[EXERCISE DATA Boundary: Start]
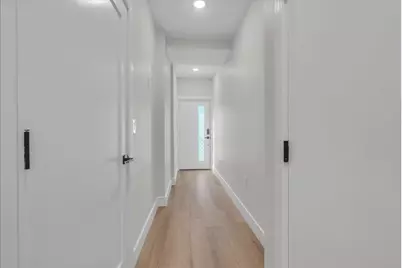 206 Clendenny Ave, Jersey City, NJ 07304 - Photo 15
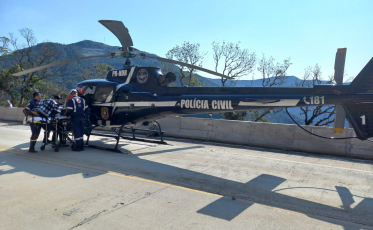 Trabalhador fica gravemente ferido após cair de sete metros na Serra da Rocinha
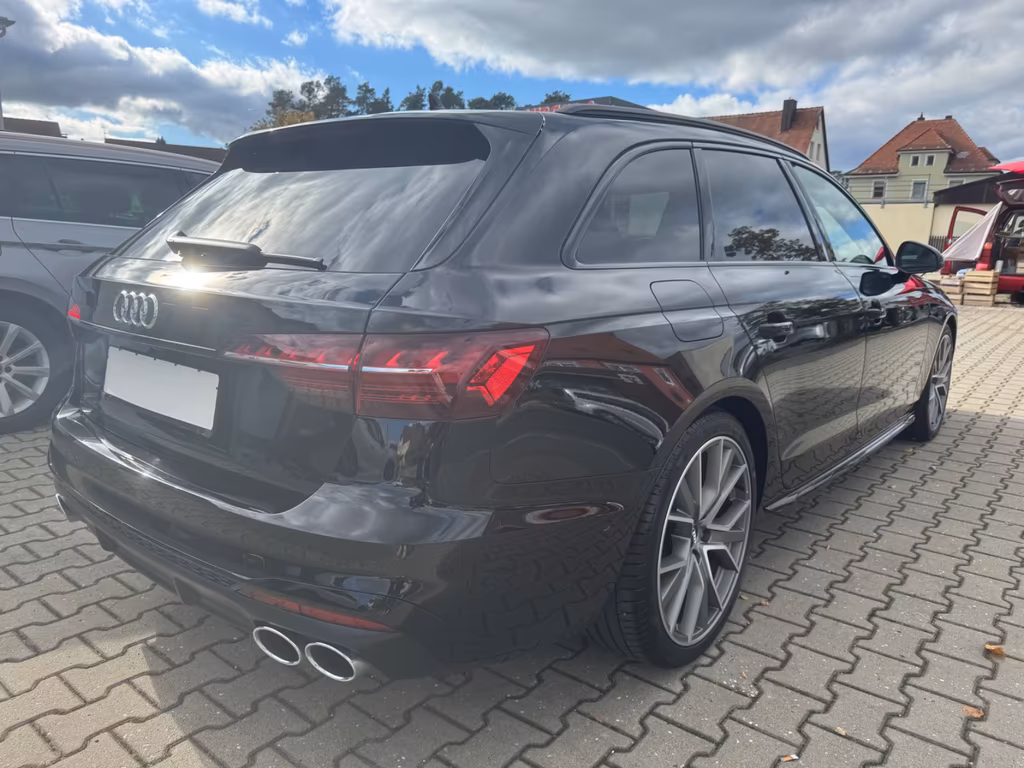 Audi S4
[EXERCISE DATA Boundary: End]
> _WHAT IS BEING ASKED_
Please reprint the whole listing exactly and omit its pictures.

> _YOUR SOLUTION_
 206 Clendenny Ave, Jersey City, NJ 07304 - Photo 15
 Trabalhador fica gravemente ferido após cair de sete metros na Serra da Rocinha
 Audi S4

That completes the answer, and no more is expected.